The court set aside the impugned judgment and allowed for the appeal to be filed by the appellant.          

Relevant paragraphs

The crux of the case hinges on the provisions of Sec. 243 of the Criminal Procedure Code, 1973 and whether or not  there is a need for an expert opinion from a handwriting expert in case of reviewing signatures in cheques.

  1. When a contention has been raised that the complainant has misused the cheque, even in a case where a presumption can be raised under Section 118(a ) or 139 of the said Act, an opportunity must be granted to the accused for adducing evidence in rebuttal thereof. As the law places the burden on the accused, he must be given an opportunity to discharge it. An accused has a right to fair trial. He has a right to defend himself as a part of his human as also fundamental right as enshrined under Article 21 of the Constitution of India. The right to defend oneself and for that purpose to adduce evidence is recognized by the Parliament in terms of sub-section (2) of Section 243 of the Code of Criminal Procedure, which reads as under : "Section 243 - Evidence for defence. (1) (2) If the accused, after he had entered upon his defence, applies to the Magistrate to issue any process for compelling the attendance of any witness for the purpose of examination or cross- examination, or the production of any document or other thing, the Magistrate shall issue such process unless he considers that such application should be refused on the ground that it is made for the purpose of vexation or delay or for defeating the ends of justice and such ground shall be recorded by him in writing: Provided that, when the accused has cross-examined or had the opportunity of cross-examining any witness before entering on his defence, the attendance of such witness shall not be compelled under this section, unless the Magistrate is satisfied that it is necessary for the ends of justice.
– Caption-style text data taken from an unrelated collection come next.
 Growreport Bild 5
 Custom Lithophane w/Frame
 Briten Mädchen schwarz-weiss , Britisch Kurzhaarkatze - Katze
  2. What should be the nature of evidence is not a matter which should be left only to the discretion of the Court. It is the accused who knows how to prove his defence. It is true that the court being the master of the proceedings must determine as to whether the application filed by the accused in terms of sub-section (2) of Section 243 of the Code is bona fide or not or whether thereby he intends to bring on record a relevant material. But ordinarily an accused should be allowed to approach the court for obtaining its assistance with regard to summoning of witnesses etc. If permitted to do so, steps therefor, however, must be taken within a limited time. There cannot be any doubt whatsoever that the accused should not be allowed to unnecessarily protracting the trial or summon witnesses whose evidence would not be at all relevant.
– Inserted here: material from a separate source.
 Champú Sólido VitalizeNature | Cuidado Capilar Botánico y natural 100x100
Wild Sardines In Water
  3. The learned Trial Judge as also the High Court rejected the contention of the appellant only having regard to the provisions of Section 20 of the Negotiable Instruments Act. The very fact that by reason thereof, only a prima facie right had been conferred upon the holder of the negotiable instrument and the same being subject to the conditions as noticed hereinbefore, we are of the opinion that the application filed by the appellant was bona fide.